Responses to the first question will form the basis of ongoing work with each individual staff member to help their professional growth and the development of new capacities. Answers to the second question will be shared with the new marketing and communications committee, which is busy both improving the ways we work with current families and how we outreach to prospective families and help bring more new students to the school.
And I was inspired by answers I heard to that second question, reminded about something Rudolf Steiner addresses as of primary importance to anyone interested in a path of spiritual development. In the first chapter of How to Know Higher Worlds he says: “Our civilization is more inclined to criticize, judge and condemn than to feel devotion and selfless veneration…We must seek in all things around us, in all our experiences for what can arouse admiration and respect.”
I think Rudolf Steiner is on to something. I am not sure if it is in the nature of our brains or just our civilization and the way most of us were raised, but finding fault with things is fairly easy. I may even have a talent for it! I don't have to think very hard about what I don't like or what irritates me or what I think needs improving in my life, my relationships, our school, or our world. Those thoughts seem to pop in my head like popcorn!
When I began reversing this habit and looking at myself and others to see what was worthy of admiration and respect I started becoming a better person. Applying it to teaching writing to students was like a magic elixir. I found that if I worked initially to see what was good in their writing and reflect that to them, they had an easier time improving than if I told them only what needed fixing. They improved dramatically as writers and I as a teacher. And since then, I have had a daily practice in my personal and professional life of noticing what arouses admiration and respect in the worlds I inhabit. This is not always easy. It sometimes requires me to be saintlike and subdue many opinions. If I make a significant mistake I want to beat myself up. If there is something obviously disruptive, like a playground torn up by work on a drainage system, I am prone to find fault.
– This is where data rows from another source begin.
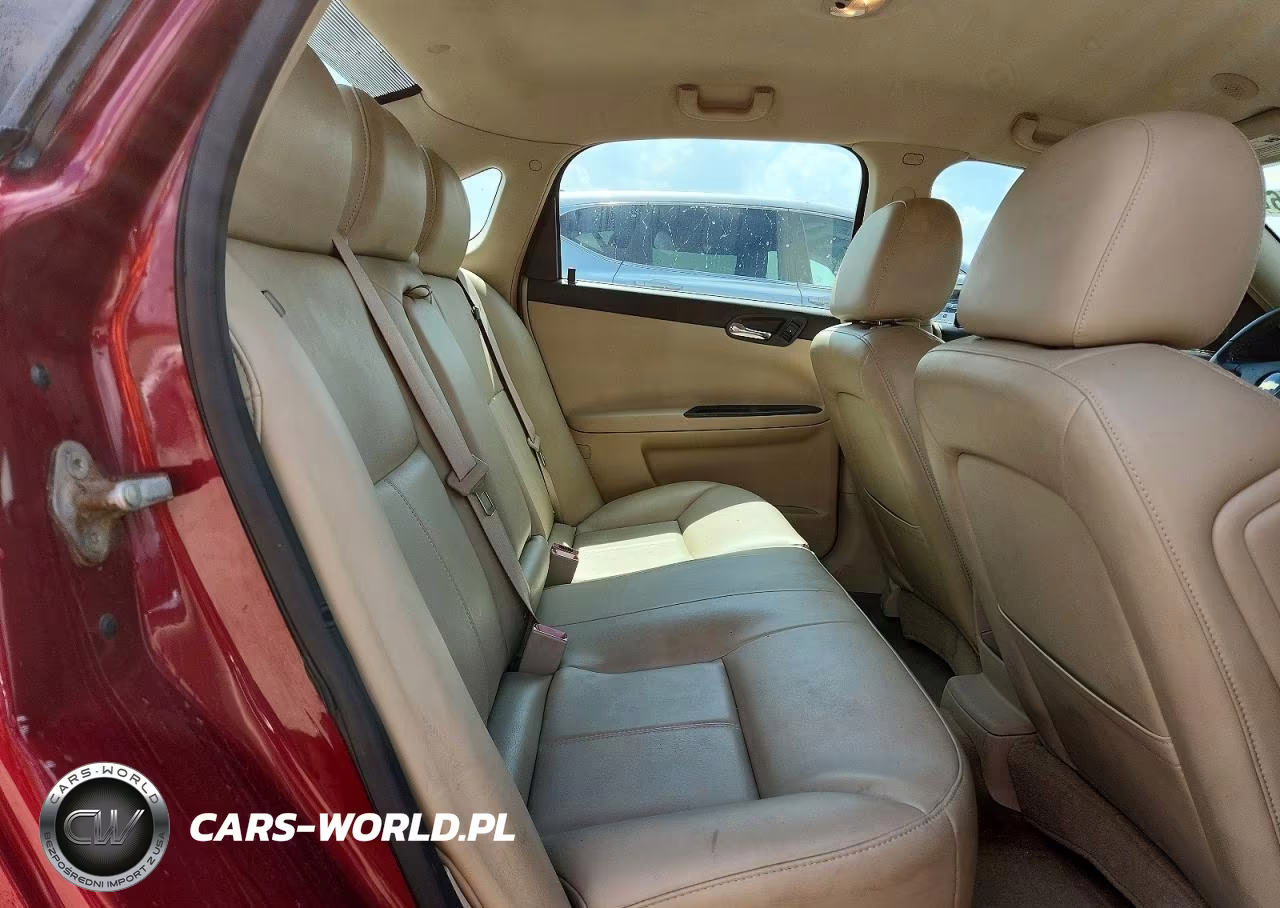 2011 Chevrolet Impala Lt VIN:2G1WB5EK5B1253889 - 10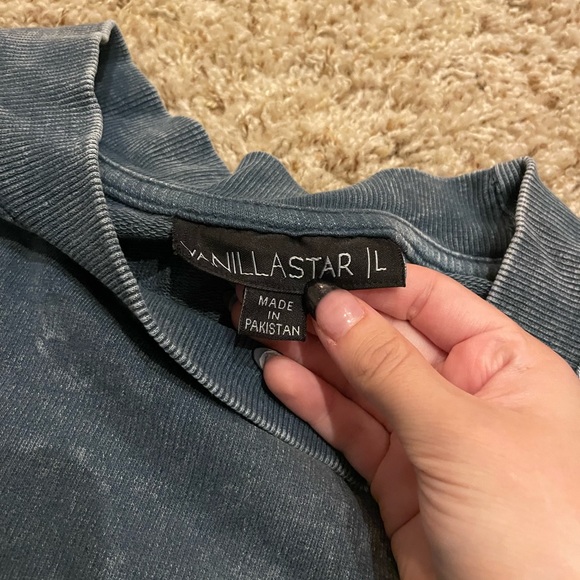 BLUE CREWNECK - Picture 2 of 2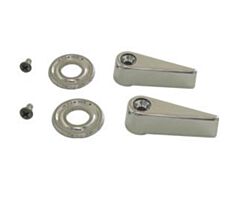 68-69 Seat Latch Handle and Bezel set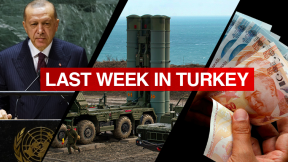 Interest rate drop by Turkish central bank; President Erdogan’s messages in the UN General Assembly; President Erdogan’s statements on the purchase of S-400 missile systems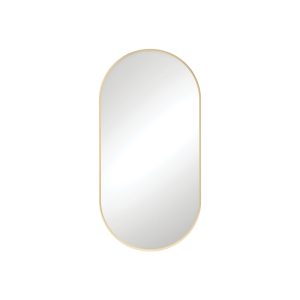Empire Urban Brass Framed Mirror, 450 x 900mm FMP4590UB
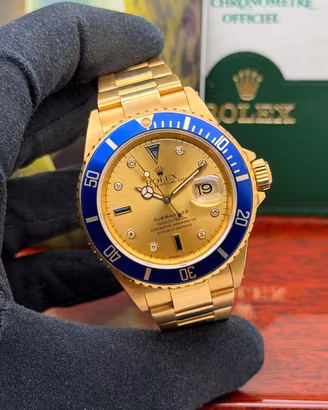 Rolex Submariner Sultan 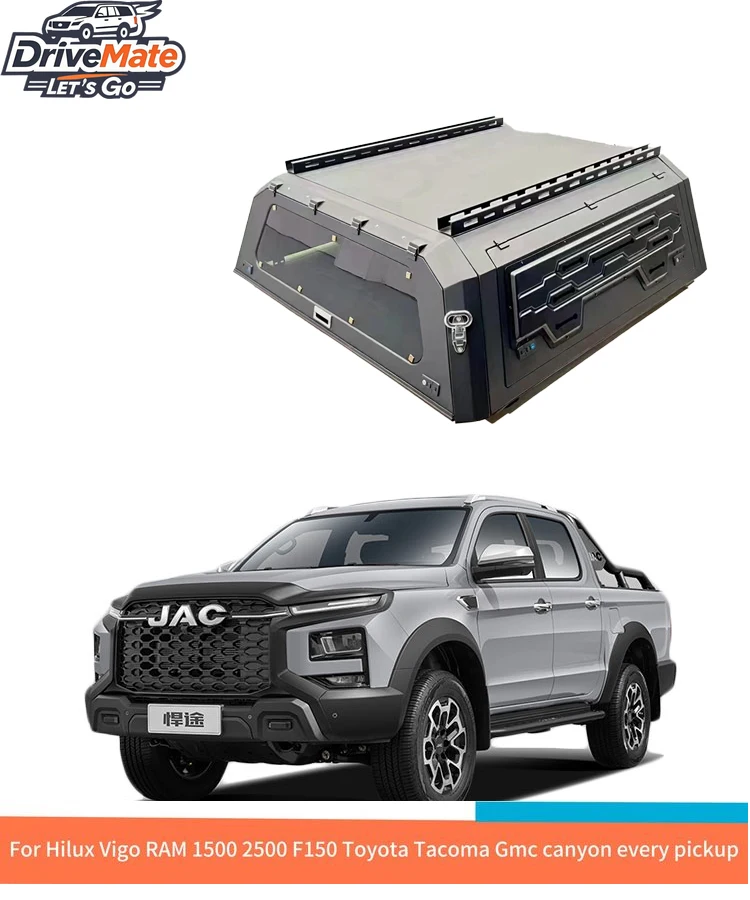 

Для Nissan D40 Truck Camper Canopy Nissan Navara Hardtop Водонепроницаемый навес из алюминиевого сплава для грузовиков Аксессуары JAC T9 HUNTER CANOP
But here we all are together, working pretty hard to be good partners, parents, children, employees, bosses, human beings. There is a grace to be found in noticing what is good, what is working, what is admirable. My years in the classroom have shown me that it can actually save lives. Seeking to see the good in people, situations, and organizations helps them have momentum to learn and grow. It provides a resource for the work that must be done. Steiner goes on to say that when we criticize, we diminish our strength, and when we see what is of value we grow in capacities. Most of us our not ready to be canonized yet, but a little 'yoga' of positivity can improve our own lives and those around us. Mark Twain said: "I can live for two months on a good compliment." May we all give one another somewhat more frequent nourishment!